[Excerpted data — start]

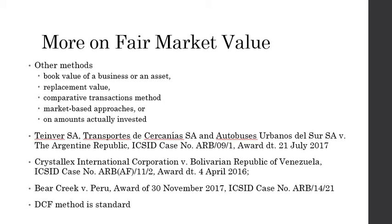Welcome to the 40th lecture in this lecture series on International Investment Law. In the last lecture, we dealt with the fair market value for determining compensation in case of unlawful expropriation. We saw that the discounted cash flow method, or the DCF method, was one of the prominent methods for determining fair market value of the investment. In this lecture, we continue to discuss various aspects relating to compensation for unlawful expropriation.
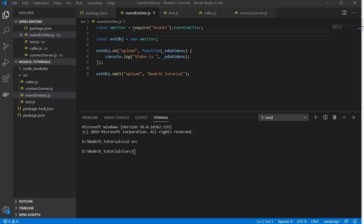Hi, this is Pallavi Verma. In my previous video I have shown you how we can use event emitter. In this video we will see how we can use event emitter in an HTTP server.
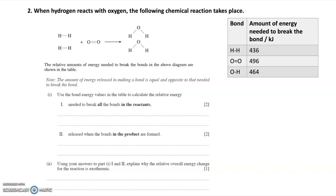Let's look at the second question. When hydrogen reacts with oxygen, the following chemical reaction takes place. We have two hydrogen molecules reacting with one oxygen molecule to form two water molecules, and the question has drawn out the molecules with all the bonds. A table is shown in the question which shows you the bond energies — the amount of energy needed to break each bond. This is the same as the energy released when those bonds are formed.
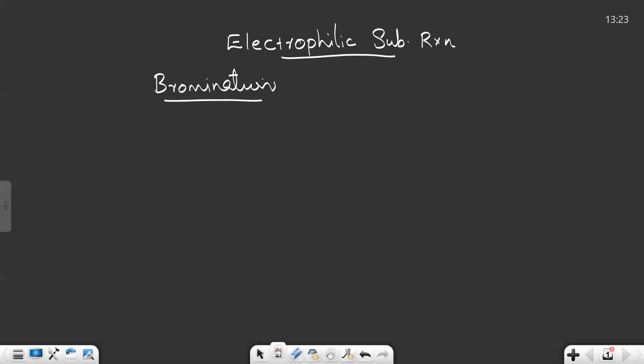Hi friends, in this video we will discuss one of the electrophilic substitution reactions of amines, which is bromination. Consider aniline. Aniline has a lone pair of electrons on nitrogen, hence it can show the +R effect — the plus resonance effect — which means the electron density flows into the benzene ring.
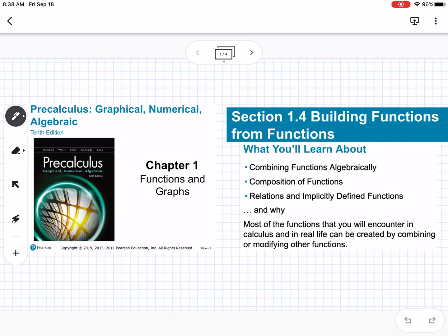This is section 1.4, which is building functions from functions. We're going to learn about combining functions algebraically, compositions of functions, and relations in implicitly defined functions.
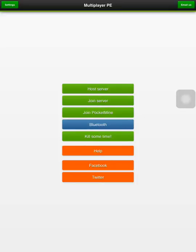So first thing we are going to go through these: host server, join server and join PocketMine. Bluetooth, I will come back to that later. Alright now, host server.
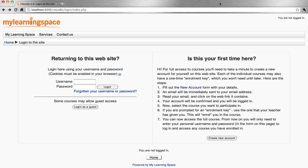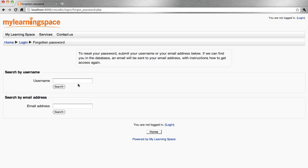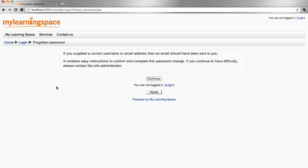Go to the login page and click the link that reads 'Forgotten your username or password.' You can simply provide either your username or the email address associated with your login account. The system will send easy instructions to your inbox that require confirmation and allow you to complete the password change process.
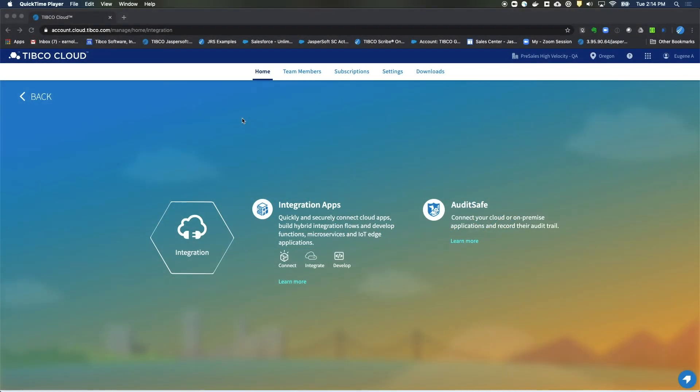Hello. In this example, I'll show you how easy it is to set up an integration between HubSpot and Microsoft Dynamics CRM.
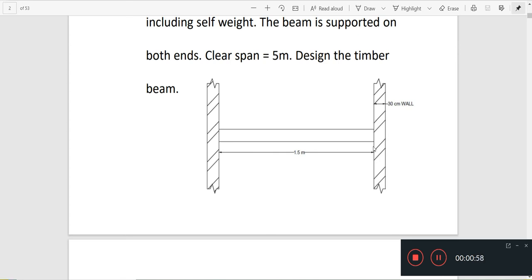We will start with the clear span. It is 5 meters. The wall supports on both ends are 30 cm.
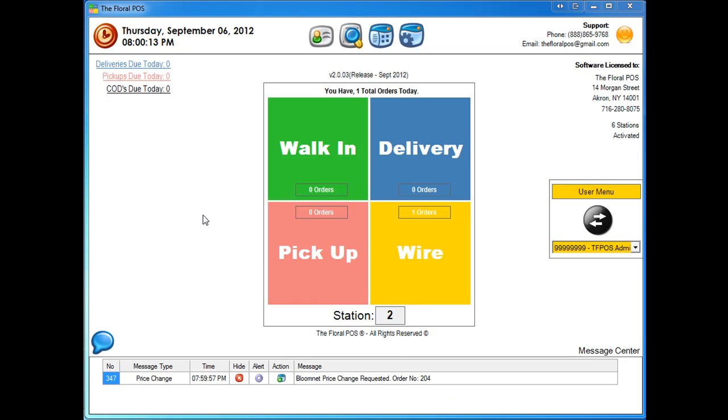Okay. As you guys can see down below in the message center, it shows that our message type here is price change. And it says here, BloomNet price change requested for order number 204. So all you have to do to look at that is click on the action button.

[Excerpted data — finish]

■ **What the exercise asks**
Your copy must reproduce the entries above in full, without their pictures.

■ **Answer to the exercise**
Welcome to the 40th lecture in this lecture series on International Investment Law. In the last lecture, we dealt with the fair market value for determining compensation in case of unlawful expropriation. We saw that the discounted cash flow method, or the DCF method, was one of the prominent methods for determining fair market value of the investment. In this lecture, we continue to discuss various aspects relating to compensation for unlawful expropriation.
Hi, this is Pallavi Verma. In my previous video I have shown you how we can use event emitter. In this video we will see how we can use event emitter in an HTTP server.
Let's look at the second question. When hydrogen reacts with oxygen, the following chemical reaction takes place. We have two hydrogen molecules reacting with one oxygen molecule to form two water molecules, and the question has drawn out the molecules with all the bonds. A table is shown in the question which shows you the bond energies — the amount of energy needed to break each bond. This is the same as the energy released when those bonds are formed.
Hi friends, in this video we will discuss one of the electrophilic substitution reactions of amines, which is bromination. Consider aniline. Aniline has a lone pair of electrons on nitrogen, hence it can show the +R effect — the plus resonance effect — which means the electron density flows into the benzene ring.
This is section 1.4, which is building functions from functions. We're going to learn about combining functions algebraically, compositions of functions, and relations in implicitly defined functions.
So first thing we are going to go through these: host server, join server and join PocketMine. Bluetooth, I will come back to that later. Alright now, host server.
Go to the login page and click the link that reads 'Forgotten your username or password.' You can simply provide either your username or the email address associated with your login account. The system will send easy instructions to your inbox that require confirmation and allow you to complete the password change process.
Hello. In this example, I'll show you how easy it is to set up an integration between HubSpot and Microsoft Dynamics CRM.
We will start with the clear span. It is 5 meters. The wall supports on both ends are 30 cm.
Okay. As you guys can see down below in the message center, it shows that our message type here is price change. And it says here, BloomNet price change requested for order number 204. So all you have to do to look at that is click on the action button.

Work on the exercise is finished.